Сегодня Адам как раз его достиг.

- Ты... Ты хоть понимаешь, что сделал? - Голос отца надломился.

Жёлтый солнечный свет расползся по комнате огромным масляным пятном, пачкая собой громоздкую мебель. Большое кресло, массивный стол, маленькое кресло для посетителей, тумбу с раскрытой святой книгой и масса изображений святых. Кабинет был небольшим. Непосвящённый человек никогда бы и не догадался, что именно здесь восседает глава местной церкви. Почти никаких признаков роскоши, никакого места для манёвренности. В случае чего – бежать некуда.

- Проявил милосердие.

Адам продолжал смотреть на отцовские брови и думать о гусеницах. Это помогло голосу не дрожать. Некогда цельное сознание разбилось на три части. Одна часть начала биться в ужасе, вторая продолжала размышлять о гусеницах, а третья смирилась, что сейчас отцовский кабинет станет и залом суда, и гильотиной, и могилой.

Дрожь усилилась. Отец рывком поднялся вверх, и массивный крест на его груди тяжело закачался из стороны в сторону. Адам невесело подумал, что этим украшением можно прибить человека, бросив его точно между глаз несчастного.

- Ты все испортил! Какое может быть милосердие к ведьме, щенок?!

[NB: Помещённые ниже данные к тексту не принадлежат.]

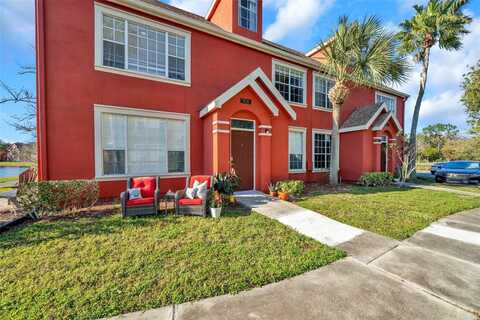 9036 LAKE CHASE ISLAND WAY, TAMPA, FL 33626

"Гусеницы, мои гусеницы. Большие, мерзкие гусеницы, которые ползают по земле и жрут урожай..."

Сейчас говорить что-либо бесполезно. Поэтому Адам молчал, продолжая смотреть на отцовские брови. Те колыхались. Маленькие, колючие волосинки зловеще дрожали.

- Ты... Ты ведь даже не понимаешь, что сделал, идиот! Просто стоишь и лыбишься, кретин! - Голос отца сотряс кабинет до основания. Или Адаму так показалось? Недвижимые лица святых точно немного задрожали и немного, совсем чуть-чуть, осуждающе нахмурились. - Ты опозорил нас! Ты свёл на "нет" два месяца тяжёлой работы!

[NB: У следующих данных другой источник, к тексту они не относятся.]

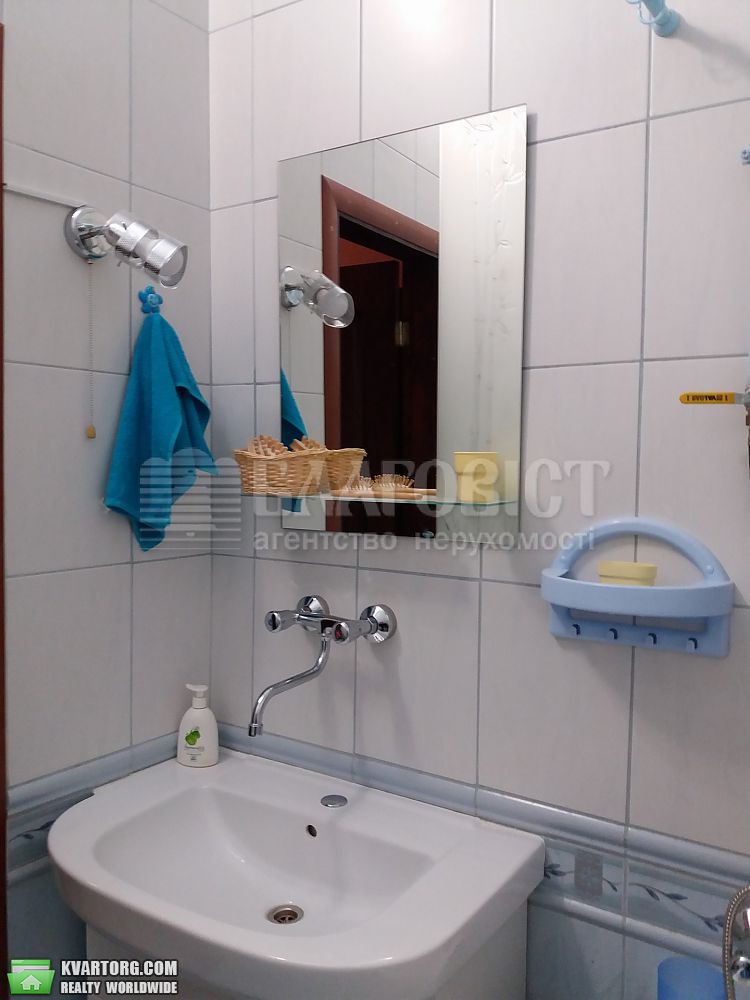 Rent out 2-room apartment. Киев,  Немировича-Данченко — photo 4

Концентрация на бровях больше не помогала. В висках застучало, а руки зачесались. Перед глазами снова возникла темница, грязное застенье Божьего Дома, и девушка по ту сторону в клетки. Ей едва исполнилось шестнадцать, но никто из инквизиторов не обращал на это внимание, засовывая раскаленные иглы в кровоточащие раны и выдёргивая ногти щипцами.

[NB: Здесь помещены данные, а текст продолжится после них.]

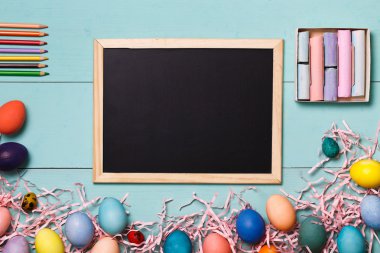 Yumurta boyama araçları ile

- Да, отец, это ведь такой труд - избить и запугать малолетку.

- СЕЙЧАС Я ТЕБЕ НЕ ОТЕЦ, СОПЛЯК!

Пресс-папье пролетело совсем рядом. Его холодок царапнул щеку, но Адам не обратил на это внимание. Он продолжал стоять прямо, глядя на темную полосу, которая закрыла родительские глаза. Сквозь тень нельзя было заметить даже блеска ярости. Глазные яблоки будто впали, а на их месте оказались бездонные глазницы, слившиеся с налипшей на лицо тенью.

- Я твой начальник! - Крик немного ослаб. - Как ты смеешь говорить со мной так нагло?! Особенно после всего того, что я тебе дал!

Адам задумался. Он обратился к памяти. Воспоминания, как книжки с полки, падали перед глазами. Монастырь, лицензия охотника на ведьм, звание младшего инквизитора. Не каждый ребёнок мог похвастаться такой карьерной лестницей к двадцати трём, при этом не приложив никаких усилий.

- Я ведь тебя и до инквизиции довёл, а чем ты мне отплатил?! Дал проклятой ведьме яду!

Адам снова вспомнил камеру, девушку и густой запах смерти, вонючим облаком кружащий возле неё. Всё внутри перемешалось. Официально тошноту Адам победил ещё на семнадцатом году жизни, когда старый наставник привёл его отпевать безвинно утопленного чиновника, но на деле огромных усилий стоило держать съеденный завтрак в пределах желудка. Охота и пытка ведьм не укрепили стенки, но значительно испортили аппетит.